*Information supplied:*
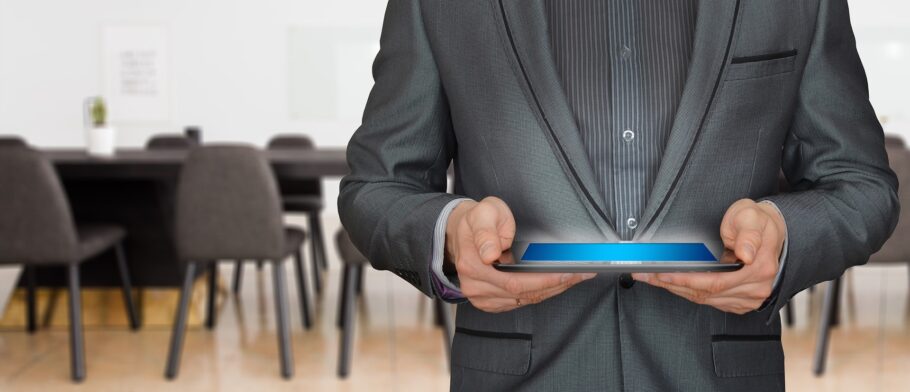 Man in suit holding tablet and wondering if you are making the most of your employer sponsored 401(k) and other plans?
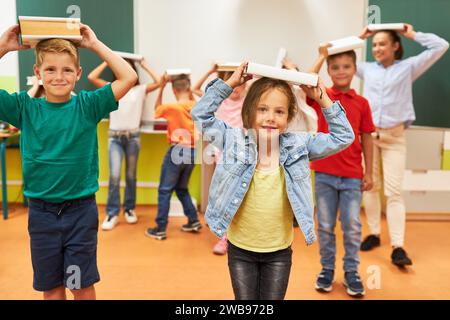 Ritratto di una studentessa sorridente che bilancia il libro con i compagni di classe mentre si trova in classe Foto Stock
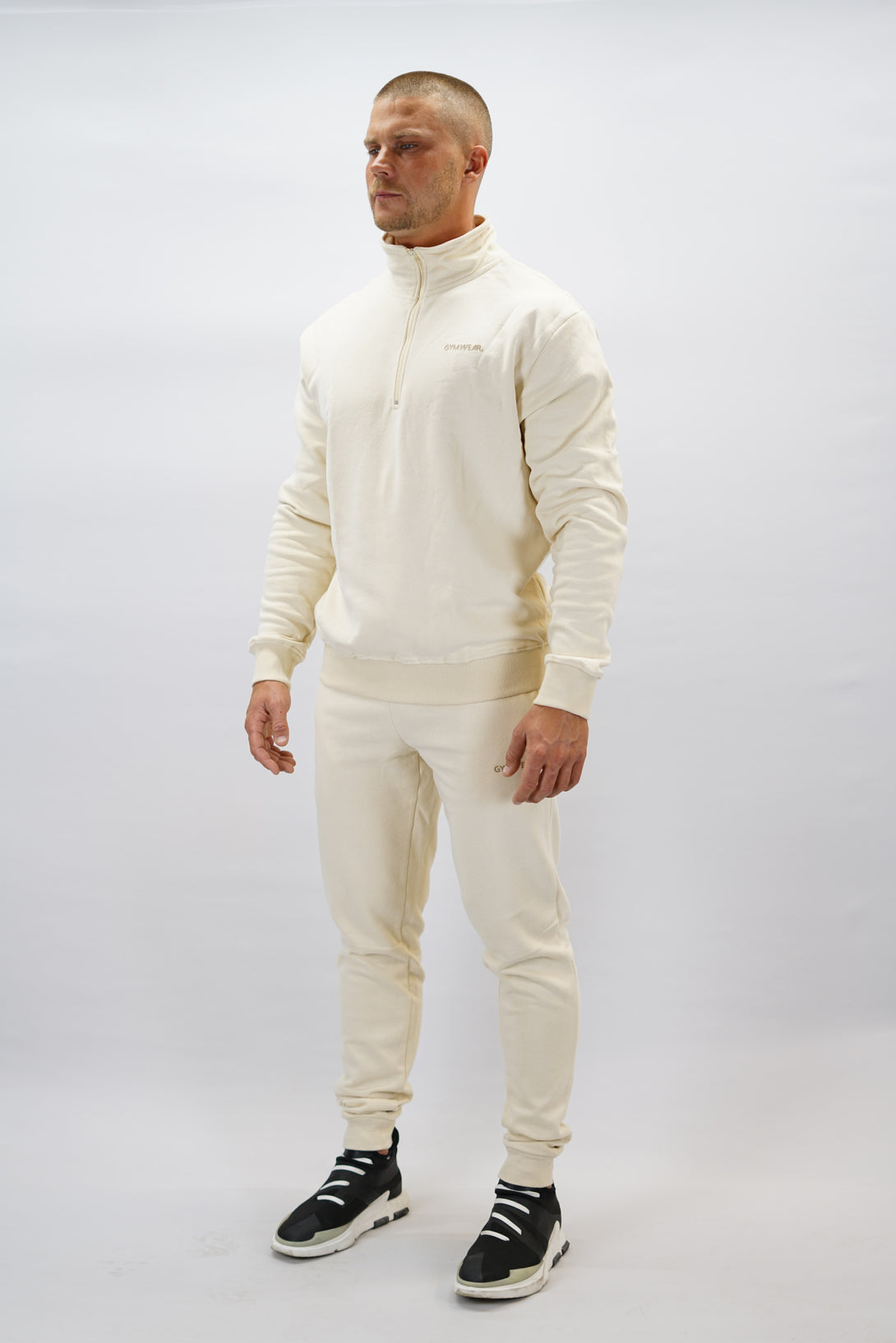 Half-Zip Sweater för herr i mjuk borstad bomull, beige färg, med Gymwear logga på vänster bröst och symbol G i nacken. Stilren och funktionell tröja för vardag och aktivitet.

*Task details:* In your answer, copy exactly the lines running from the line with "Ritratto di una" to the end of the material above, both included, and omit all pictures.

*Response below:*
 Ritratto di una studentessa sorridente che bilancia il libro con i compagni di classe mentre si trova in classe Foto Stock
 Half-Zip Sweater för herr i mjuk borstad bomull, beige färg, med Gymwear logga på vänster bröst och symbol G i nacken. Stilren och funktionell tröja för vardag och aktivitet.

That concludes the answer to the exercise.